§ Records from a data collection:
--------------------------------------------------
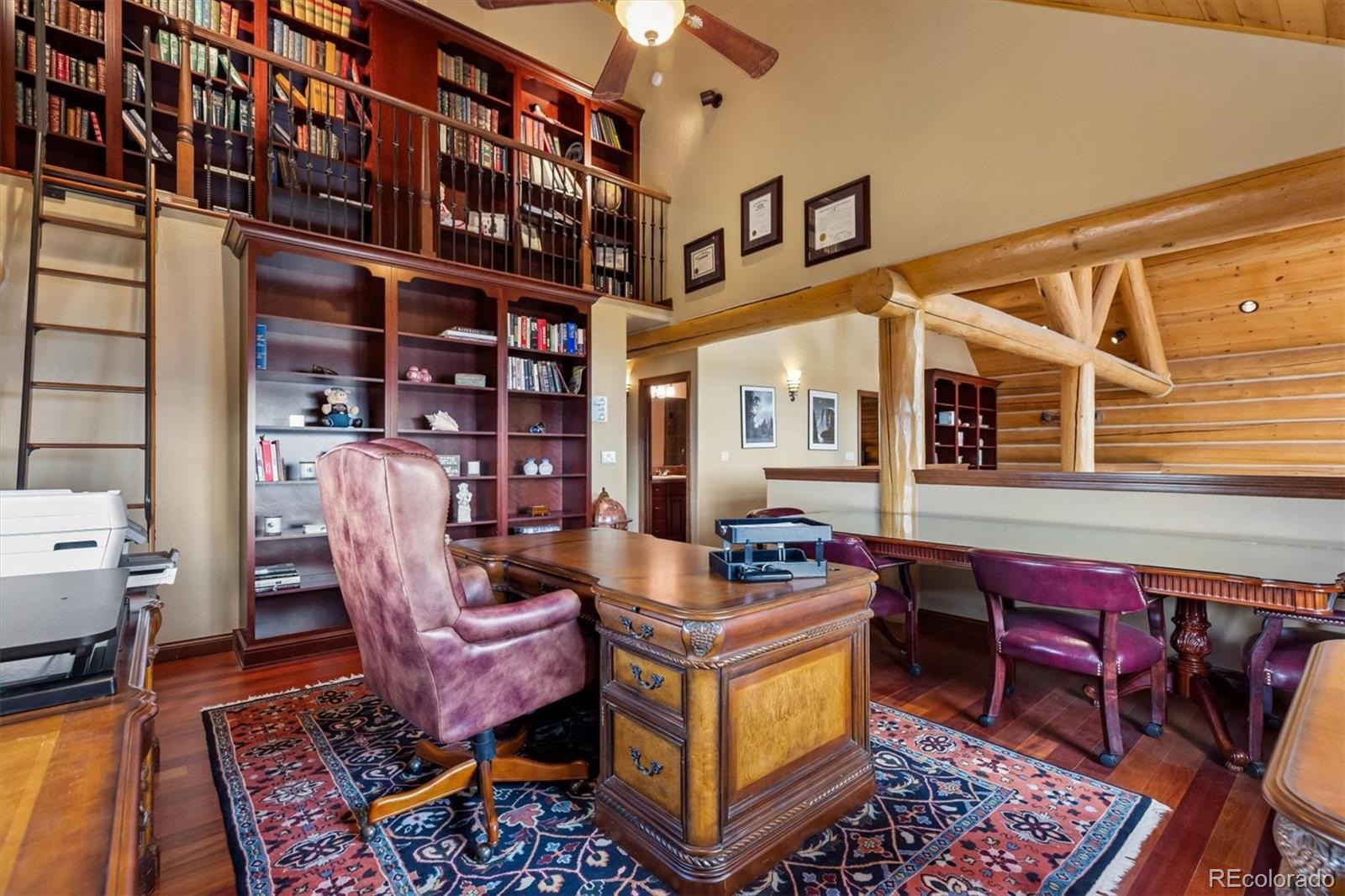 401 Raptor Point Golden, CO 80403 - Photo 31 of 48 a living room with furniture a rug and a bookshelf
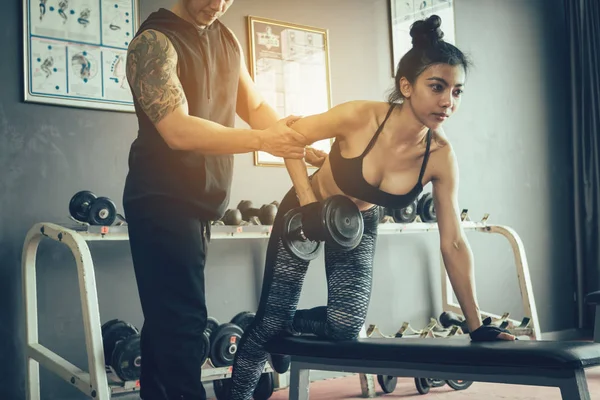 Personal trainer ajudando mulher trabalhando levantar halteres pesados . — Fotografia de Stock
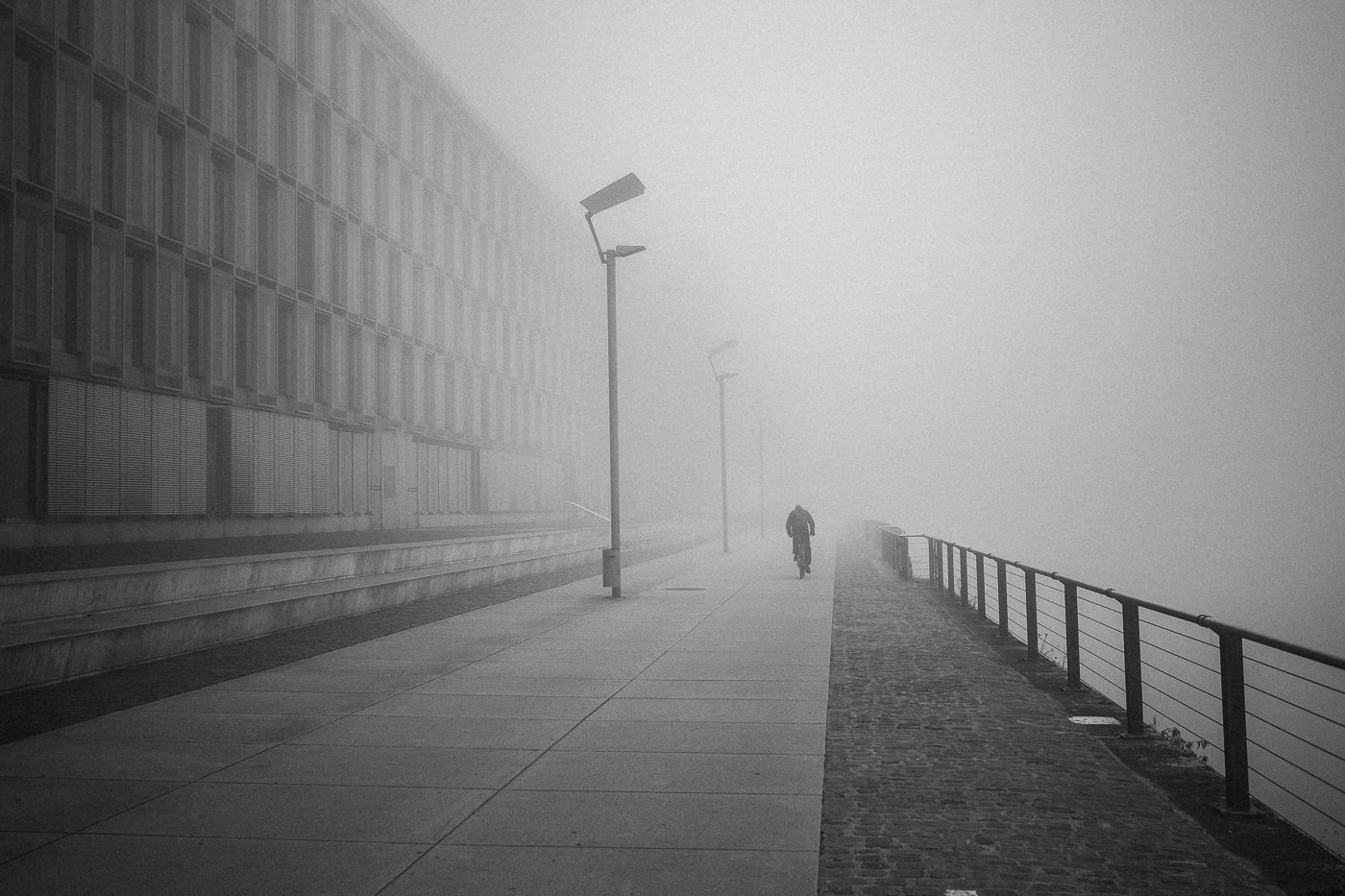 Nebeliger Spaziergang am Ufer mit Person in Köln, Michael Zellmer Fotografie.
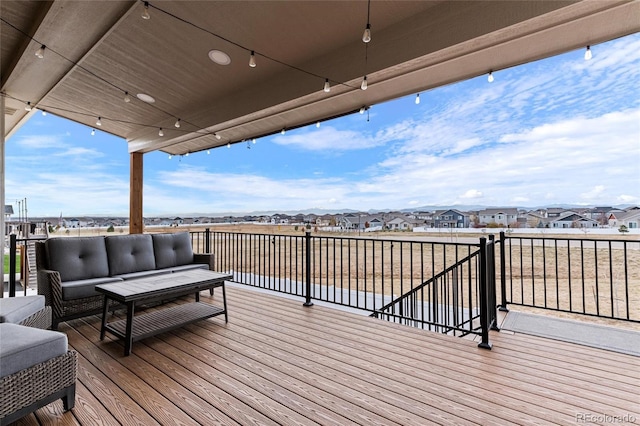 wooden deck with an outdoor hangout area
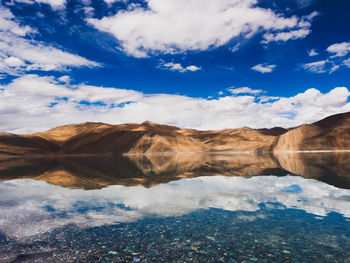 Scenic view of lake against cloudy sky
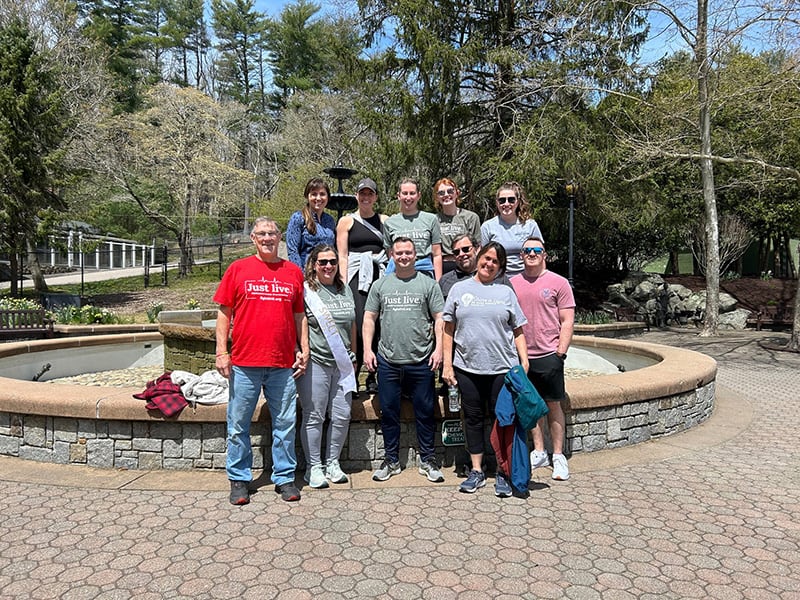 A group of people come together for a photo by the water fountain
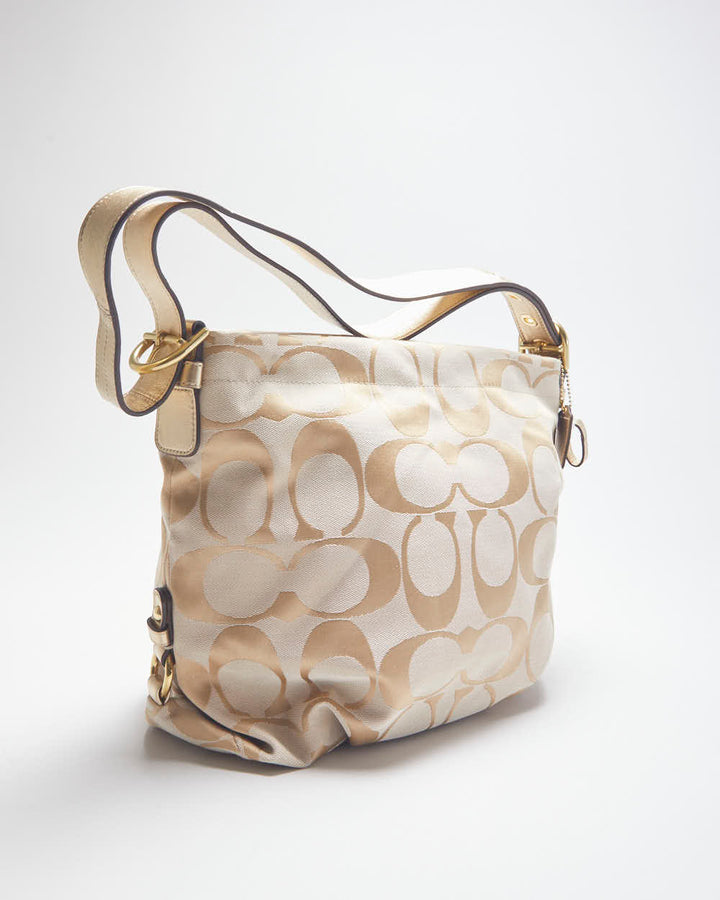 Coach Gold Monogram Handbag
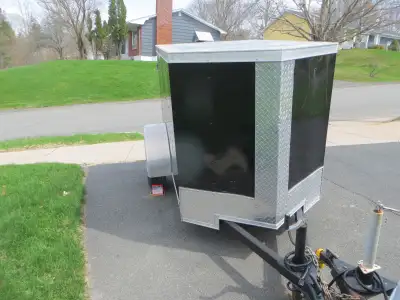 2016 4X6 ft Enclosed Cargo Trailer; Good Condition. Great for pulling behind a car.; 15500km on trai...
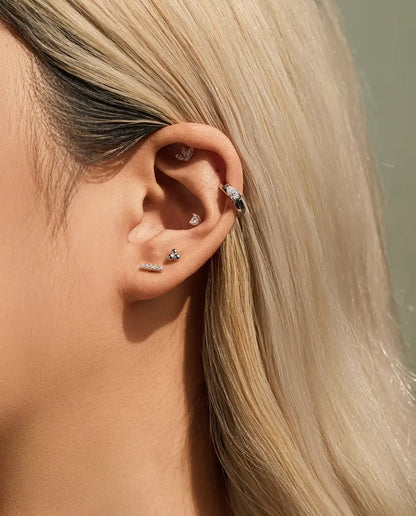 Pear Moissanite Huggie Hoop Earrings in 925 Sterling Silver - worn together with other studs in the same ear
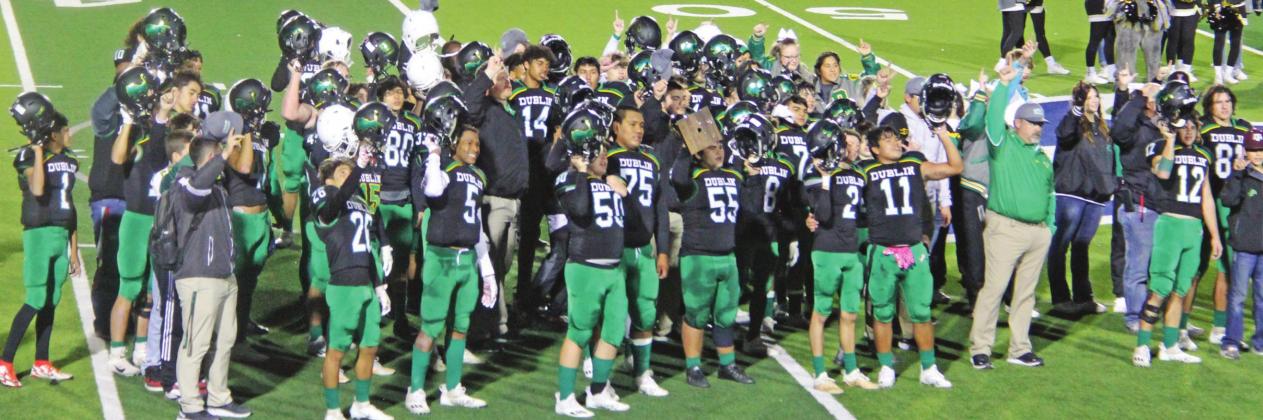 The Dublin Lions (above) raise up fingers during the school song moments after claiming the Area championship title for the first time in school history. Players Christian Ramirez and Cooper Pickett run to each other and shout in celebration. Paul Gaudette | Citizen staff photo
--------------------------------------------------
§ Problem:
Copy exactly what appears in the entries, beginning with the first line and ending with the line that has "Pear Moissanite Huggie", but not the pictures.

§ Finished task:
 401 Raptor Point Golden, CO 80403 - Photo 31 of 48 a living room with furniture a rug and a bookshelf
 Personal trainer ajudando mulher trabalhando levantar halteres pesados . — Fotografia de Stock
 Nebeliger Spaziergang am Ufer mit Person in Köln, Michael Zellmer Fotografie.
 wooden deck with an outdoor hangout area
 Scenic view of lake against cloudy sky
 A group of people come together for a photo by the water fountain
 Coach Gold Monogram Handbag
 2016 4X6 ft Enclosed Cargo Trailer; Good Condition. Great for pulling behind a car.; 15500km on trai...
 Pear Moissanite Huggie Hoop Earrings in 925 Sterling Silver - worn together with other studs in the same ear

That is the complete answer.